Artistic Space: Music and Performance Art

Performance art gets a bad rap sometimes.  It's the type of art that involves strange things like taking a dump on an American flag, or pulling paper scrolls out of bodily crevices and reading from them.  It can be weird and uncomfortable.  But it can also be extremely fun, accessible and awe-inspiring.

Blue Man Group and Cirque du Soleil are nothing if not performance art.  But lying under a ramp and masturbating?  That's a tough question.  Once again, the thing that makes these acts art is that they are intended to be experienced as art.
And that's what makes the artistic space in performance art so interesting.  Of all the mediums, the narrative space in performance art is the closest to infinite.  It can, in theory, include all other media; artists might do live paintings, or read from specially composed books, play music, do weird things to their body, or half a dozen other things, and it's all part of the same piece.  Dimensions available to the performance artist include color, light, sound, time, language, and a hundred others.

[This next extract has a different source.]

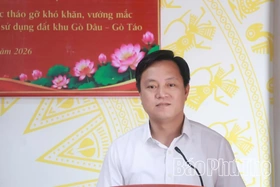 Xã Bản Nguyên sinh hoạt chuyên để tháo gỡ vướng mắc Dự án Gò Dâu - Gò Táo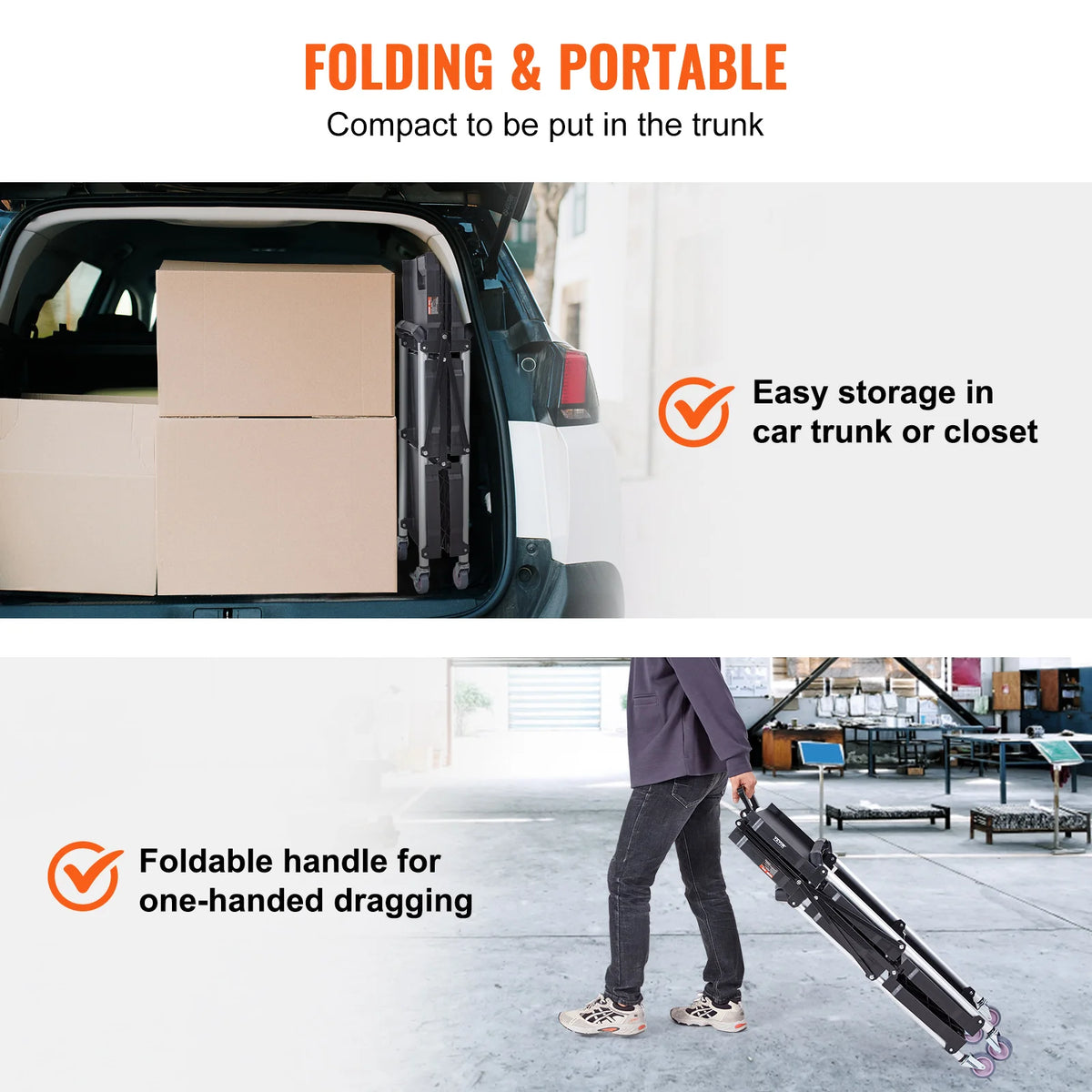 SucceBuy   3 Tier Folding Rolling Utility Cart Storage Shelf Movable Gap Rack Serving Cart Slide Organizer for Kitchen Bathroom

The one limitation performance art does have is that its duration is always finite.  A performance happens, and then ends.  It might happen again, but its existence in time is bound by a beginning and an end, just like music.  Even if someone films the performance, the resulting document is not the piece itself, merely a recording of the piece.  Some pieces, like Marina Abramovic's The Artist is Present cannot be recorded without missing their core essence.

These acts may seem strange, but I think it's hard to argue they aren't art.  Every nuance of a performance piece is laced with intention, and influential pieces have pushed the boundaries of artistic space to its most absurd and fascinating lengths.

More commonly, however, performance art is at least half entertainment.  I'm an open-minded guy, so I think you can have it both ways (though the Guggenheim crowd would probably disagree).

I vividly recall seeing the Blue Man Group at their show in Las Vegas, and I think it's hard to argue that what happened there was anything less than art.  There was a particular moment in the show where each Blue Man had a stack of giant cue-cards, and they stood there flipping them over simultaneously (I tried to find video of this, but I couldn't, so you'll just have to bear with me).  It was impossible to read all 3 cards before they flipped to the next one, but equally impossible not to try (I'm sure a speed-reader could do it easily, but I'm just an ordinary man).  It messed with your brain.  That kind of thing is hard to pull off, and it exists in an area of artistic space that only performance art can touch.  Because even though the writing on the cards composed a coherent message (at least, each stack was coherent with itself), the method of delivery prevented the words from simply being a piece of writing.  The simultaneous delivery raised it to the level of a performance, and combined two areas of artistic space to create something new.

With Blue Man Group, music is at least half the performance, but I'd say they are performance artists first, and musicians second.  But there are some people who are musicians first, and blend performance art into their live shows.

One of the best examples from my formative years is the ever-controversial Marilyn Manson.  His music was rarely more than adequate (and has fallen off sharply since 2003 or so), but the persona he adopted both live and in the media raised his work to another level.  He was a walking embodiment of the darkest parts of sex, drugs, and rock and roll, and the fact that he rarely, if ever, dropped character made it a never-ending performance.  Lots of bands have a bitchin' stage show, but Manson kept the stage show going all the way onto the Tonight Show.  Adding that extra dimension of Artistic space brought him success that his music alone never would have.

I'm not sure if Marilyn Manson and the Blue Man Group think about "artistic space" or not, but their forays into strange, uncharted areas have raised their performances to a greater level.  If they were accidents, they were happy ones.  And maybe you don't have to make those choices consciously, but I think it's easy to see how deliberately playing in extra dimensions of artistic space gives you a greater chance of success.  It's like anything, once you know about it, you can take control of it, and you might find you're capable of doing things you never dreamed of.